Mermaid Maritime Public Company Limited reported total revenue of US$ 77.8 million, up 5% year-on-year. Revenue growth from subsea business was backed by 10% year-on-year higher day rates of total own vessels, notwithstanding average subsea vessel utilization rate in 3QFY14 was 66%, slightly lower than 75% in 3QFY13. Revenue from drilling business significantly increased with MTR‐2 operating at 91% utilization.
Mermaid has been actively marketing MTR‐1 to secure either a sale or work for accommodation barge support unit contracts. The MTR‐2 is currently on a 2‐year drilling contract in Indonesia with Chevron. The unit is presently on work‐over mode for a limited time and is expected to resume normal drilling upon Chevron’s permits being approved by the Indonesian Government. MTR-2 is then expected to continue working until the end of the contract in mid to end 2015.
Equity income increased from loss of USD 0.3 million in 3QFY13 to profits of US$ 23.1 million in 3QFY14 due to contribution from Mermaid’s 33.8%‐owned associate company Asia Offshore Drilling (“AOD”). AOD’s three high‐specification jack‐up rigs have commenced their three‐year contracts with Saudi Aramco since 4QFY13.

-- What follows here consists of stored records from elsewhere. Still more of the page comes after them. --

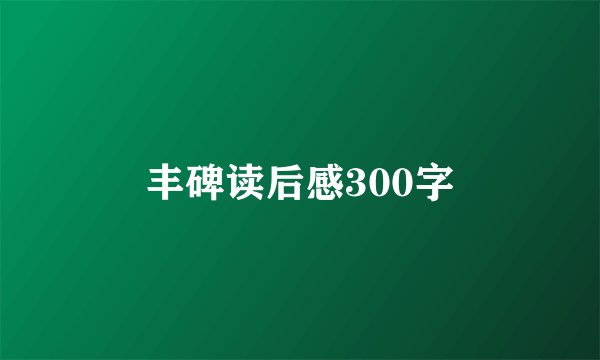 丰碑读后感300字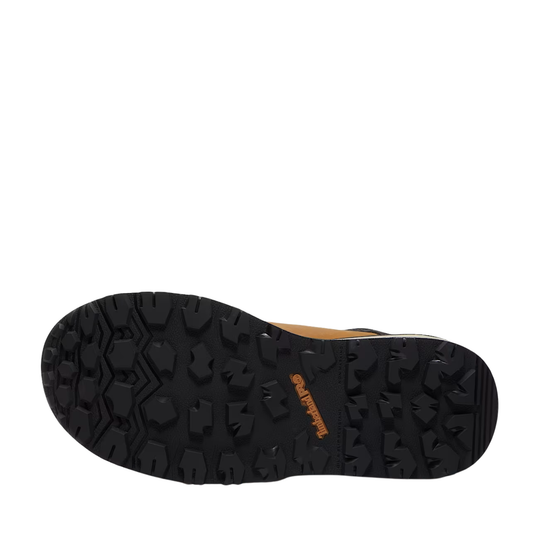 A top-down view of a black rugged sole with deep lugs and a small orange Carhartt logo, shown against a plain white background.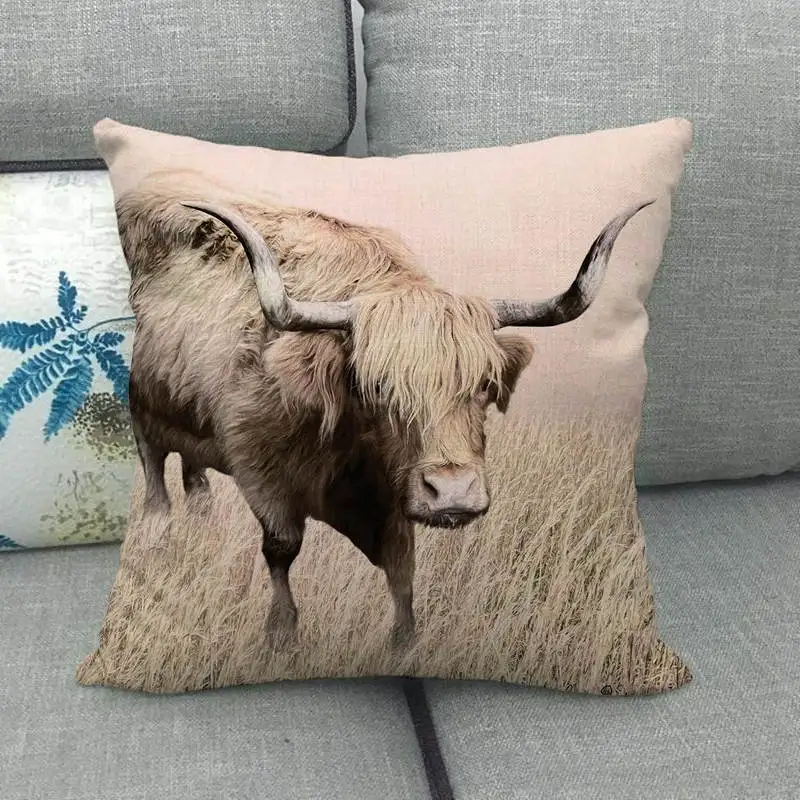 45 см* 45 см ферма корова дизайн лен/хлопковая подушка для дивана Чехлы диванная подушка крышка декоративная подушка для дома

Gross profit declined slightly 7% year-on-year to stand at 29% gross margins resulting from one of subsea vessels on standby throughout 3QFY14 which is now resuming work, while SG&A rose by 7% year-on-year to US$ 22.6 million due to increased personnel in the Middle East region to accommodate for growth. All in, EBITDA increased 24% year-on-year to US$ 58.0 million.
Pursues Opportunistic Growth
Mermaid has an optimistic perspective that the outlook in oil and gas industries will remain positive in the next 12 months, given steady oil price and continued spending in exploration and production from oil & gas companies.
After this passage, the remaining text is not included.